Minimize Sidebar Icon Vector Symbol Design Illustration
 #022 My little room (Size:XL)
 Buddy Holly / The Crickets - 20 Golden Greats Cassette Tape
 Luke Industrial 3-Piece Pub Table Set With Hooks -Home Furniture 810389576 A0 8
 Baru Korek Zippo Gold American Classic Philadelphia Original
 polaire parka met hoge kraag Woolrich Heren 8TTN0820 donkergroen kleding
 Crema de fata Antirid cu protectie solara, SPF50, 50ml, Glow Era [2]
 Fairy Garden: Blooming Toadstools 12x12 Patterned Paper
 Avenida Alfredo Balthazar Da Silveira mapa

Exercise: Please give an exact copy of every entry.

Expected answer:
Minimize Sidebar Icon Vector Symbol Design Illustration
 #022 My little room (Size:XL)
 Buddy Holly / The Crickets - 20 Golden Greats Cassette Tape
 Luke Industrial 3-Piece Pub Table Set With Hooks -Home Furniture 810389576 A0 8
 Baru Korek Zippo Gold American Classic Philadelphia Original
 polaire parka met hoge kraag Woolrich Heren 8TTN0820 donkergroen kleding
 Crema de fata Antirid cu protectie solara, SPF50, 50ml, Glow Era [2]
 Fairy Garden: Blooming Toadstools 12x12 Patterned Paper
 Avenida Alfredo Balthazar Da Silveira mapa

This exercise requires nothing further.